Elevated Outage Adra Balancer
Incident Report for Adra Suite
Postmortem

Summary:

Due to a faulty Balancer web service instance several of our customers had problems logging in. Following the mitigation of this issue, the service was underequipped to handle the sudden influx of traffic, causing performance issues for many of our customers.

We apologize for the inconvenience caused.

Description of issue:

At 07:44 CET, our automatic scaling mechanism provisioned an instance for the Balancer service which contained a missing component, causing most calls routed to this instance to fail due to a previously unseen error. An alert was sent to our SaaS Operations team due to an increase in service response time, but the root cause was missed as a service test and telemetry overview did not uncover the issue.
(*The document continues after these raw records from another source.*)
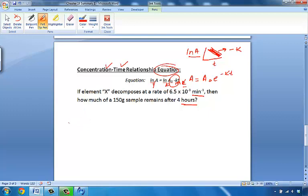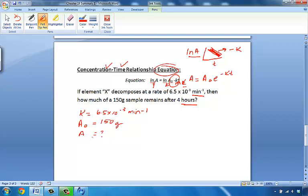The problem asks: if element X decomposes at a rate of 6.5 × 10⁻³ inverse minutes, how much of a 150-gram sample remains after 4 hours? So our original amount A₀ is 150 grams, and our time is 4 hours. The issue is that k and time are in different units.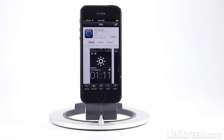Hey guys, this is Jayden from iJailbreak.com and today we're going to be taking a look at a cool little trick that combines an app available inside the App Store with a Winterboard theme that allows you to create custom lock screen themes.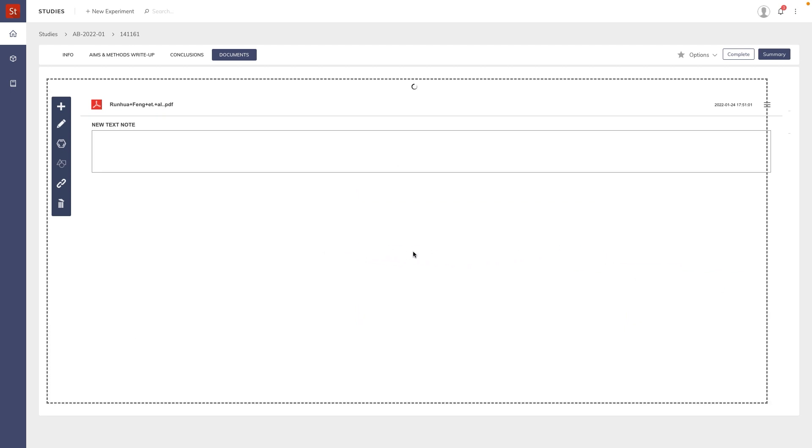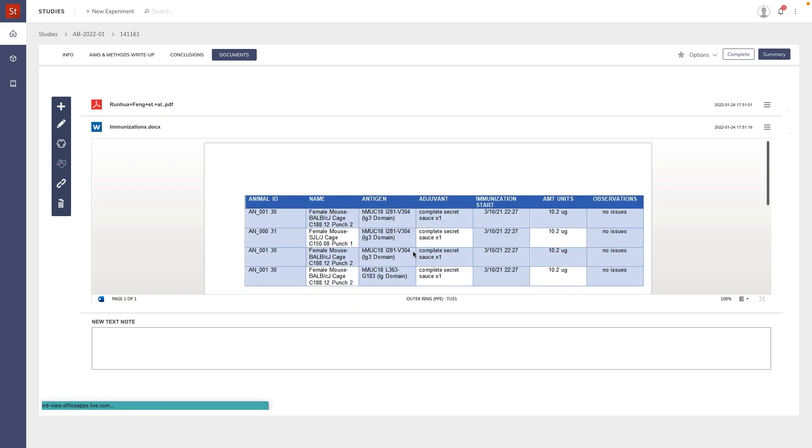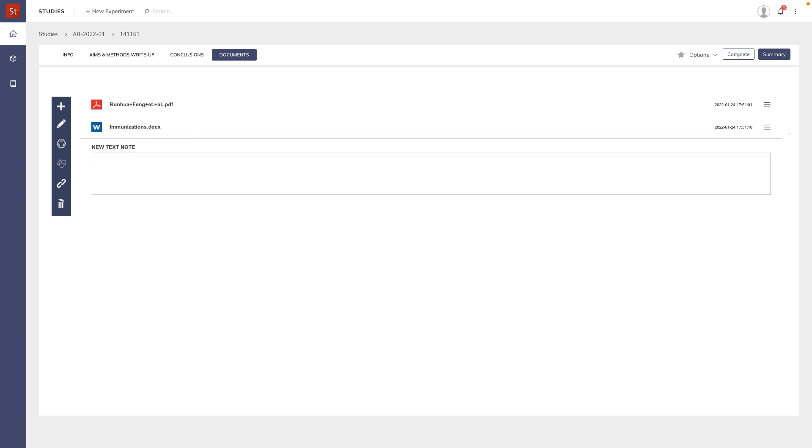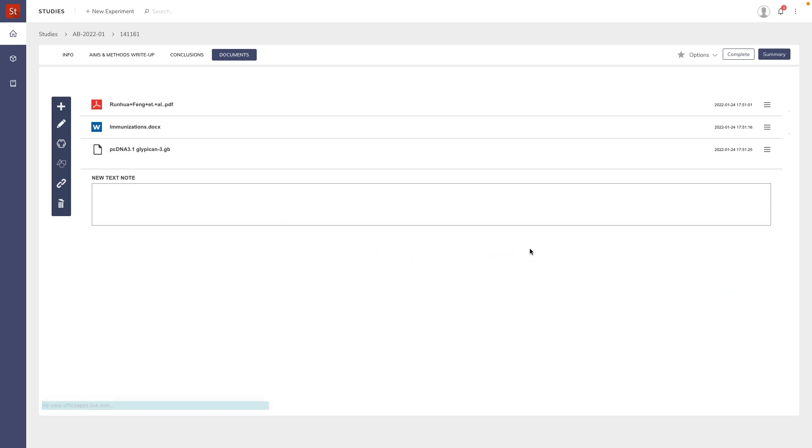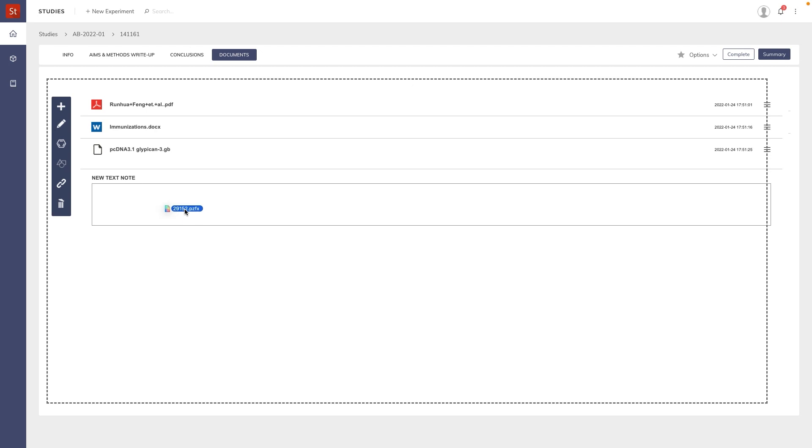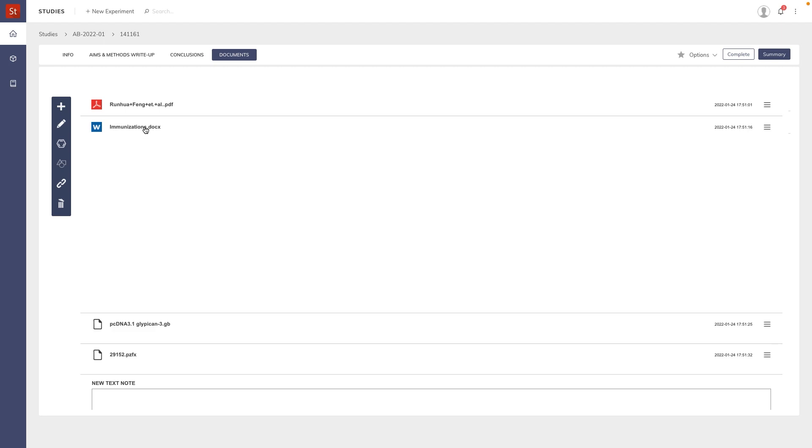A Word file, a GenBank file, and a GraphPad Prism file. Any kind of document can be added and many can be previewed.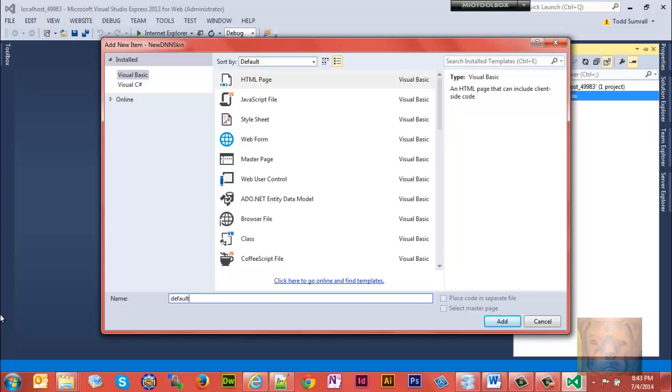Now let me stop here. If you use like Dreamweaver or Notepad or whatever, you can create these as dot HTML, that's fine. Bootstrap will automatically convert your HTML pages to dot ASCX. I go ahead and create them dot ASCX here in Visual Studio because we're able to, number one.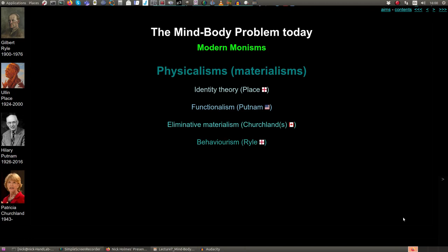In part three of this lecture we're going to do the same for monisms that we did for dualisms in the past. There are four modern monisms that you've come across in the lectures before. Behaviourism has been dealt with in a previous lecture, so we're not going to look at that one. The three we're going to look at in much more detail now are the identity theory of Place, the functionalism theory of Putnam, and eliminative materialism of Patricia Churchland.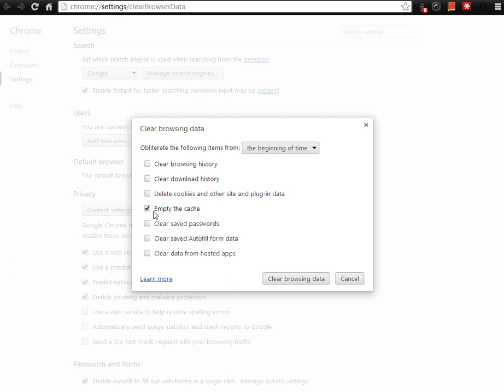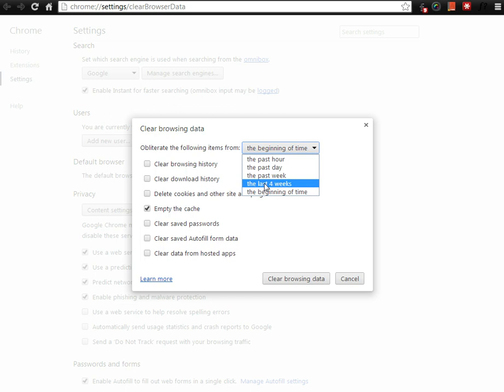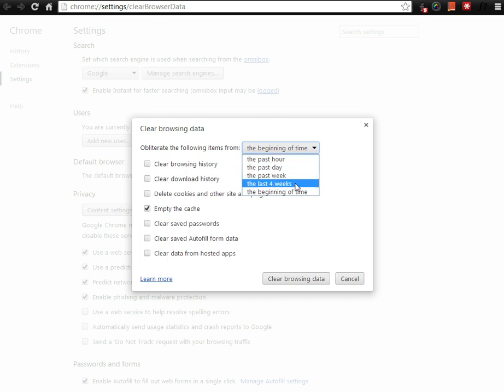So for now, you want to empty the cache. And then select for the past hour, past day, past week, last four weeks or a month, or the beginning of time, or since the last time you have cleared your cache.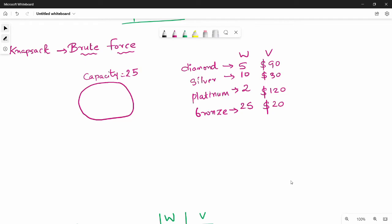So first of all, what is the problem statement? Knapsack — in general terms, this is a bag. So if you look at the bag, there is a capacity. So the bag has a capacity. If you look at the bag or container, you can see what the problem is.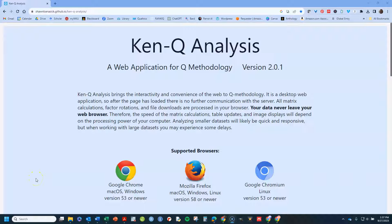Hi, in this video I'm going to show you how to use KenQ in order to do online Q methodology analysis. This is entirely free software that you use actively online, so you have to be online to use it.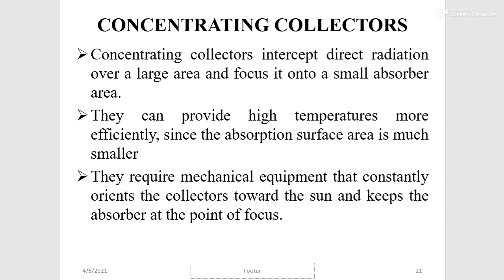Concentrating collectors intercept direct radiation over a large area and focus it into a small absorber area. They can provide high temperatures more efficiently since the absorption surface area is much smaller. However, they require mechanical equipment that constantly orients the collectors towards the sun and keeps the absorber at the point of focus.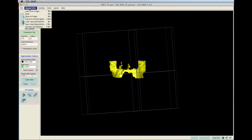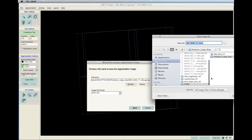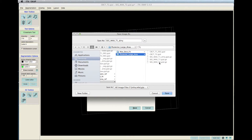When finished with all the cuts, the segmentation is ready to be saved. Go to Segmentation on the upper left corner and select Save As Image. Choose a directory and remember to type .gipl.gz at the end so that it can be saved as a compressed file to save some space.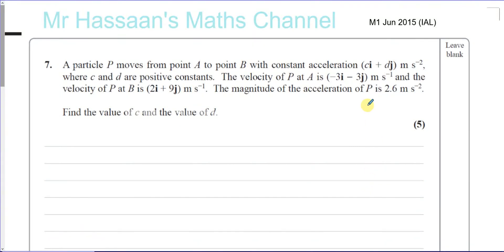Welcome back. This is question number 7 from the M1 June 2015 International A-Level paper. We have a question about vectors. A particle P moves from point A to point B with constant acceleration — key word: constant acceleration. That means we can apply SUVAT.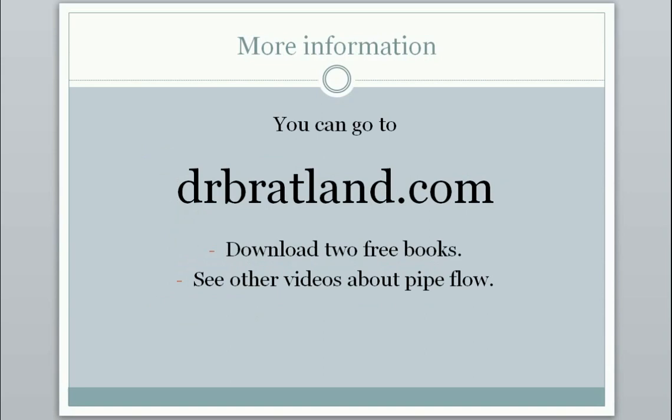You can find more information at this internet site, drbratland.com. You can download two free books from there, and there are other videos about pipe flow. Thank you for listening. I hope you got something out of it.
Further reports of customer inability to log in were brought to SaaS Operations at approx. 09:00 CET, and after verification of the issue, the offending instance was removed and service accessibility was restored.

Following the restoration of the service and numerous users ability to now log in caused a very large increase in server load which had been unnaturally low, and the autoscaler was not equipped to handle the sudden increase. A manual override of the autoscaling was put in place, and service was restored at 09:40 CET.

Follow-up actions taken:

  • Improve automatic scaling to better accommodate sharp increase in load on service:

When the load on the system rises sharply, we are better equipped to increase our available resources in a more timely fashion to meet the increased demand.

  • Improved monitoring to increase sensitivity to and severity of novel service exceptions:

When new exceptions arise in any of our services, our Operations team will be alerted with a higher severity alert to ensure that we investigate, document and categorize any unforeseen service behavior in a timely fashion.

Posted Oct 27, 2023 - 08:24 UTC

Resolved
Between 8.30 and 09:00 CET, we experienced a disruption of service for Balancer customers hosted in the EU.

While the root cause is still being determined, the issue is fully resolved.
Posted Oct 03, 2023 - 06:30 UTC